[Given data — start]

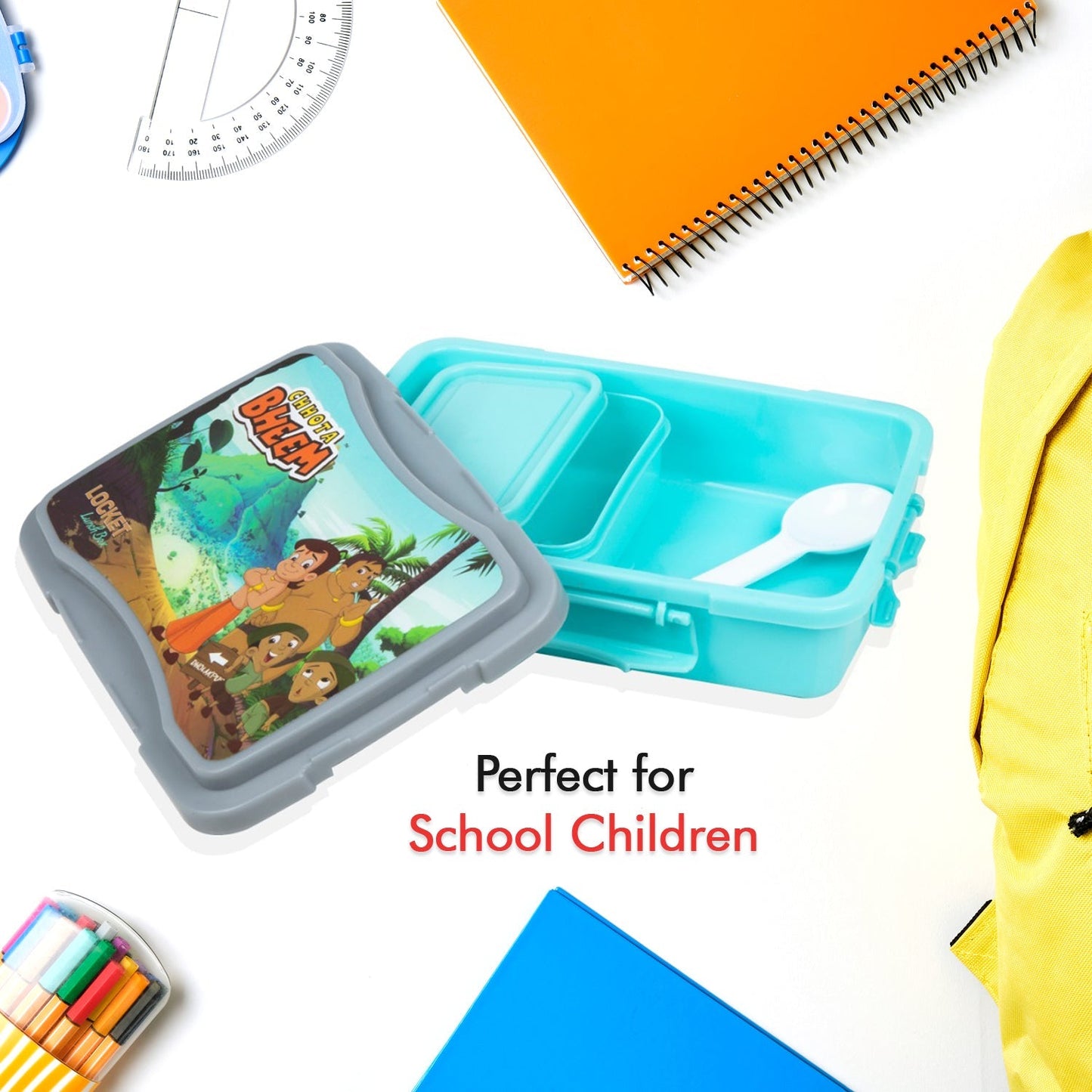 5318 Locket Lunch Box Plastic High Quality Box For Kids School Customized Plastic Lunch Box for Girls & Boy DeoDap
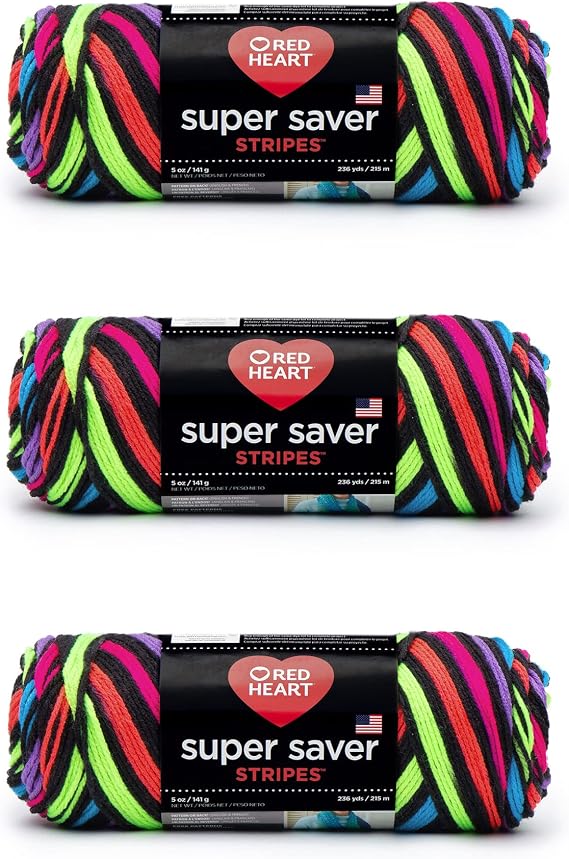 RED HEART Super Saver 3-Pack yarn, NEON STRIPES 3 Pack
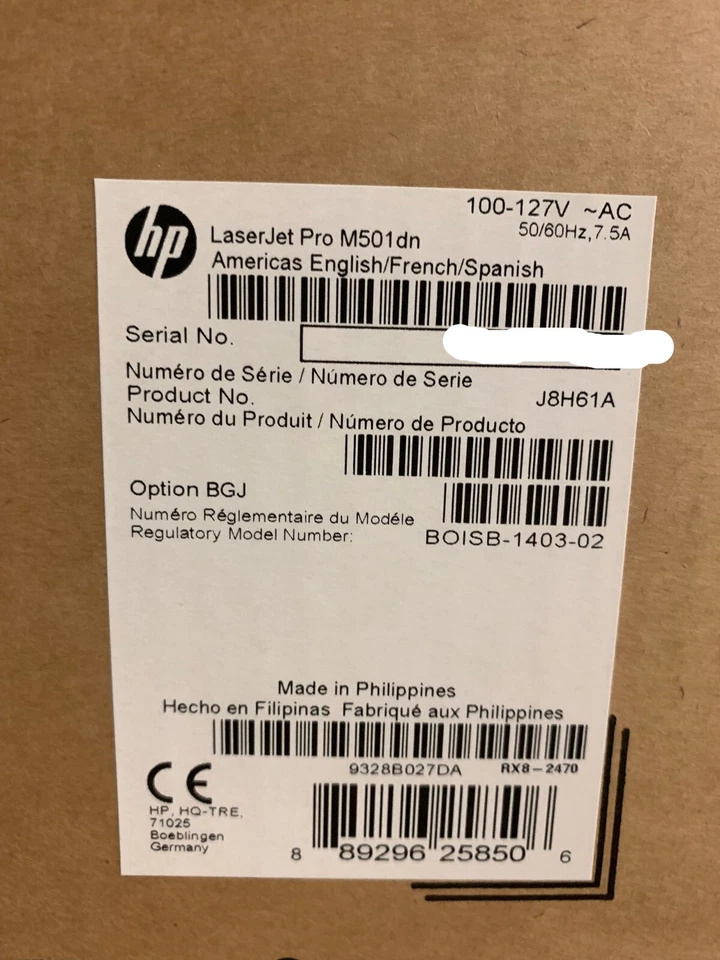 HP J8H61A#BGJ LaserJet Pro M501 Printer - White- BRAND NEW!! - Image 2 of 2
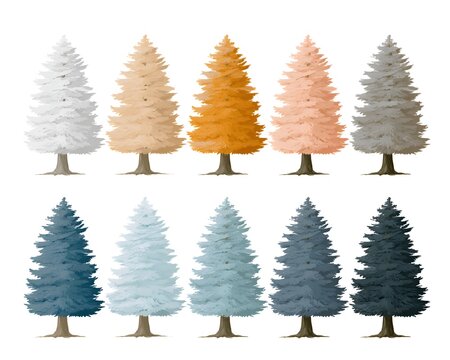 Collection of ten stylized pine trees in a variety of muted and pastel colors, arranged in two rows, on a white background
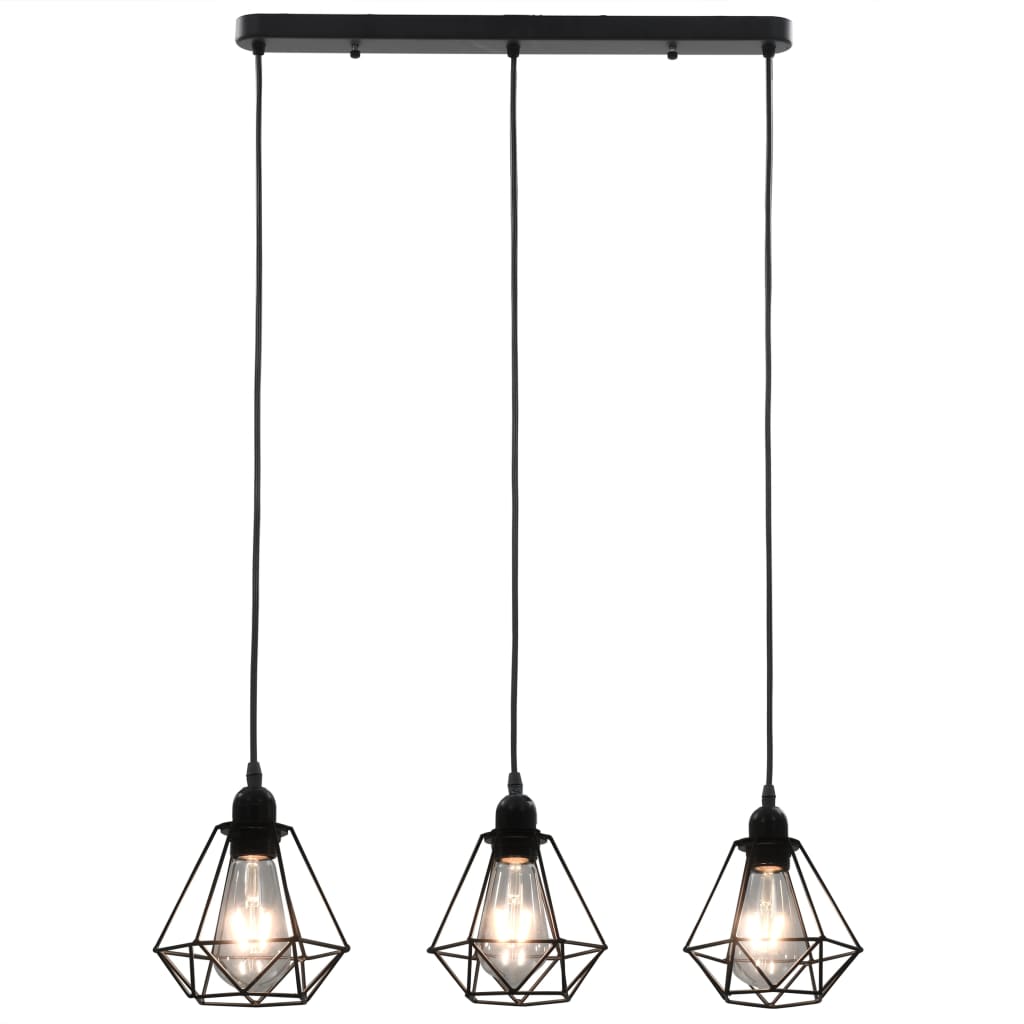 VIDAXL -Deckenlampe mit diamant -verdrängten 3xe27 Schwarz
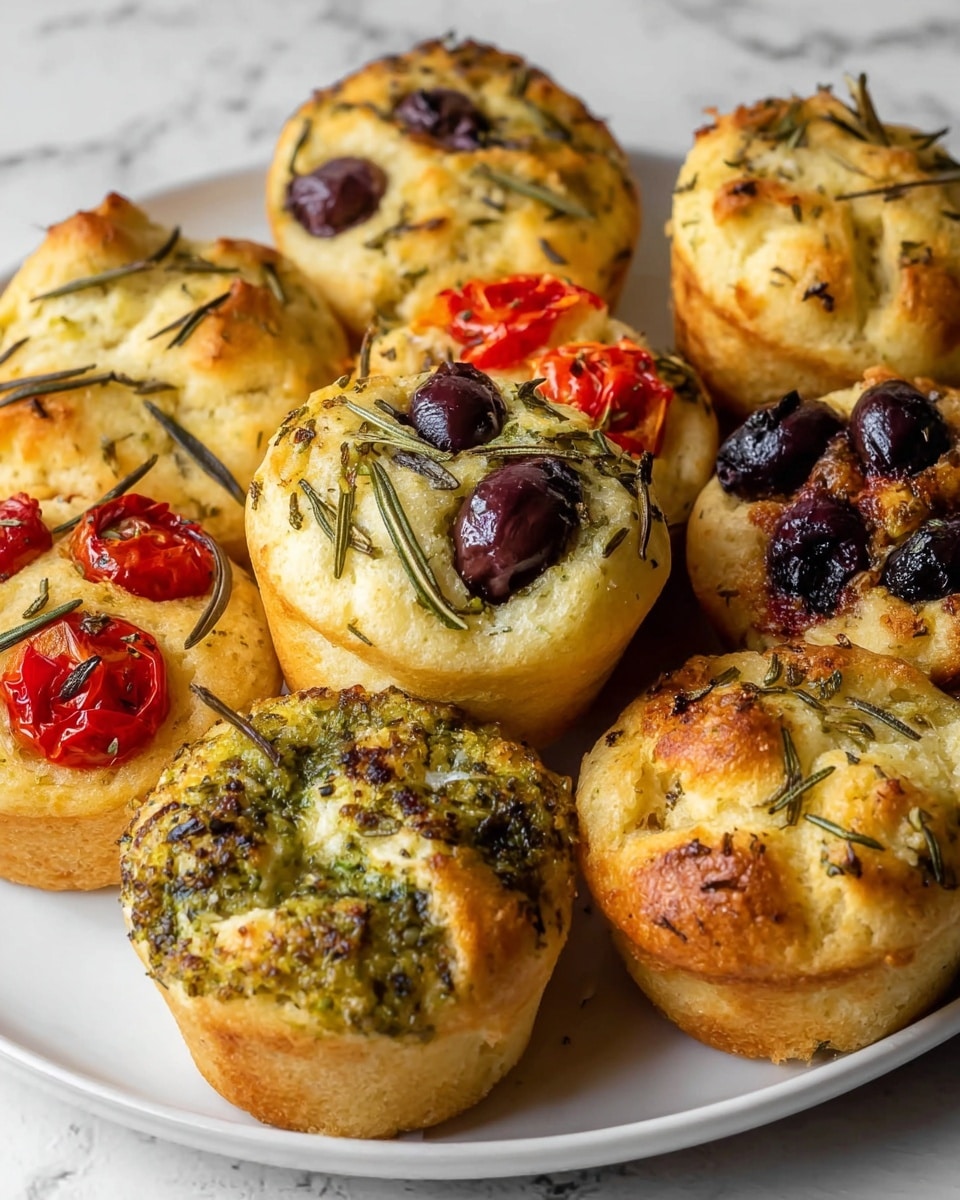 The image shows a white plate filled with small round focaccia muffins, each topped with different ingredients. Some muffins have light golden brown soft bread with sprigs of fresh green rosemary on top, while others are adorned with dark purple olives and bright red cherry tomato halves embedded in the light crust. A few muffins are covered with a greenish herb pesto layer, giving a textured and slightly browned top. The muffins are arranged close to each other on the plate, and the plate sits on a white marbled surface. Photo taken with an iphone --ar 4:5 --v 7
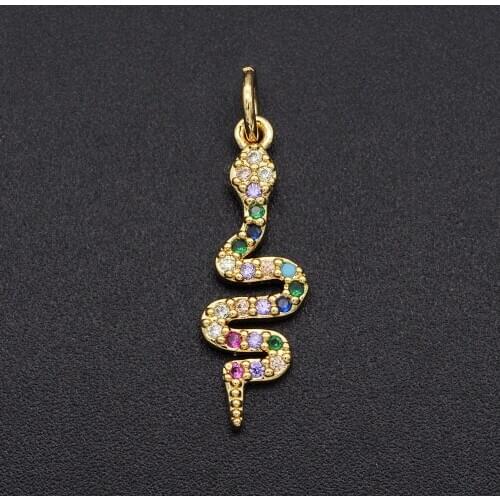 22x7mm 100% CZ Zircon DIY Jewelry Rainbow Snake Charm Pendant Wholesale Jewellery Accessories Bracelet Making Charm Top Quality
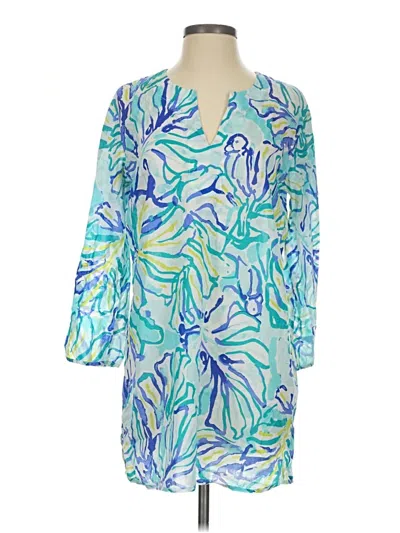 Pre-owned Lilly Pulitzer 3/4 Sleeve Blouse In Blue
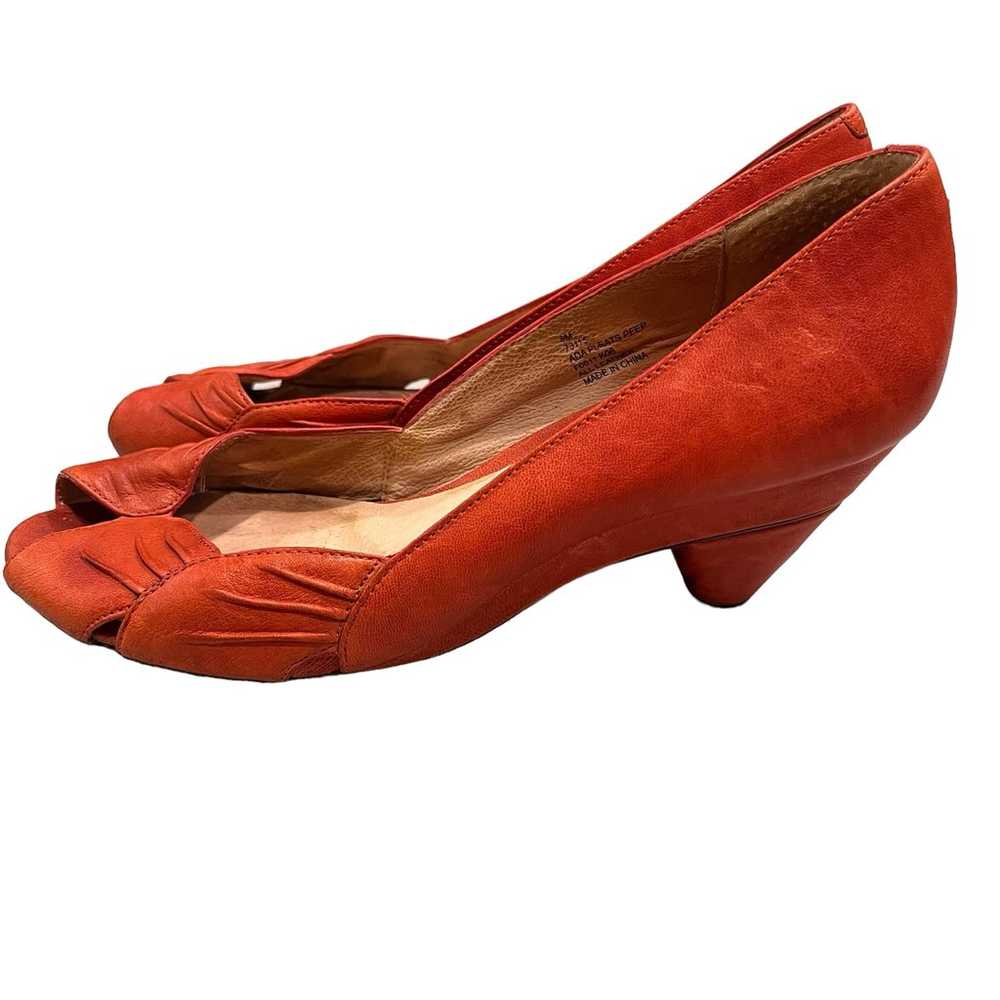 Women’s Frye Red Orange Ada Peep Pleated Heel Pum… - image 2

[Given data — finish]

■ What you need to do:
From the line containing "HP J8H61A#BGJ LaserJet" down to the last line of the data above, transcribe exactly those lines and no others; omit the pictures.

■ Expected answer:
 HP J8H61A#BGJ LaserJet Pro M501 Printer - White- BRAND NEW!! - Image 2 of 2
 Collection of ten stylized pine trees in a variety of muted and pastel colors, arranged in two rows, on a white background
 VIDAXL -Deckenlampe mit diamant -verdrängten 3xe27 Schwarz
 The image shows a white plate filled with small round focaccia muffins, each topped with different ingredients. Some muffins have light golden brown soft bread with sprigs of fresh green rosemary on top, while others are adorned with dark purple olives and bright red cherry tomato halves embedded in the light crust. A few muffins are covered with a greenish herb pesto layer, giving a textured and slightly browned top. The muffins are arranged close to each other on the plate, and the plate sits on a white marbled surface. Photo taken with an iphone --ar 4:5 --v 7
 22x7mm 100% CZ Zircon DIY Jewelry Rainbow Snake Charm Pendant Wholesale Jewellery Accessories Bracelet Making Charm Top Quality
 Pre-owned Lilly Pulitzer 3/4 Sleeve Blouse In Blue
 Women’s Frye Red Orange Ada Peep Pleated Heel Pum… - image 2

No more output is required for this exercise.